Case annotations: Under Pohnpei state law, owners of the land adjacent to the lagoon do not have sufficient property rights in the reef and the lagoon as to entitle them to monetary compensation or other relief for damage to the reef caused by unauthorized dredging activity in the lagoon near their land. Damarlane v. United States, 7 FSM Intrm. 56, 59-60 (Pon. S. Ct. App. 1995).
Under Pohnpei state law persons simply possessing a permit in the lagoon do not have sufficient property rights in the reef and the lagoon as to entitle them to monetary compensation or other relief for damage to the reef caused by unauthorized dredging activity in the lagoon near their land unless there has been some affirmative action such as prior written approval from the appropriate authority and effecting some development in the area in question. Damarlane v. United States, 7 FSM Intrm. 56, 60 (Pon. S. Ct. App. 1995).
Under Pohnpei state law, if a reef is damaged by persons carrying out dredging activities authorized by state officials for a public purpose, adjacent or nearby coastal landowners are not entitled to a payment of just compensation for the depreciation of the value of the reef and fishing grounds. Damarlane v. United States, 7 FSM Intrm. 56, 60 (Pon. S. Ct.

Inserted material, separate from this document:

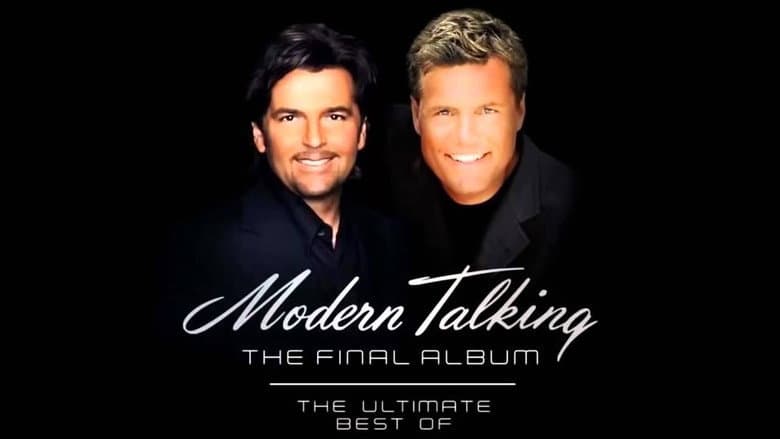 Modern Talking: The Final Album - Ultimate DVD still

App. 1995).
Under Pohnpei law, damage to reefs or soil under the high water mark resulting from dredging activities, the object of which is for public purposes, does not justify compensation to abutting land owners. If the Pohnpei Public Land Board of Trustees had granted certain rights in writing to an individual or group of individuals, and acting on that grant the grantees erected or constructed certain improvements, including fish maii (fish trap) in shallow waters, and if destroyed or value reduced as a result of state dredging activities, the owners thereof may be entitled to just compensation in accordance with the Pohnpei Constitution. Damarlane v. United States, 7 FSM Intrm. 56, 69 (Pon. S. Ct. App. 1995).
Section 7. Land Offices and Adjudicatory Bodies.
To the extent that is practical, all administrative functions relating to land shall be under a single office.
Case annotations: Basic notions of fair play, as well as the Constitution, require that Public Lands Authority decisions be made openly and after giving appropriate opportunity for participation by the public an interested parties. Etpison v. Perman, 1 FSM Intrm. 405, 420-21 (Pon. 1984).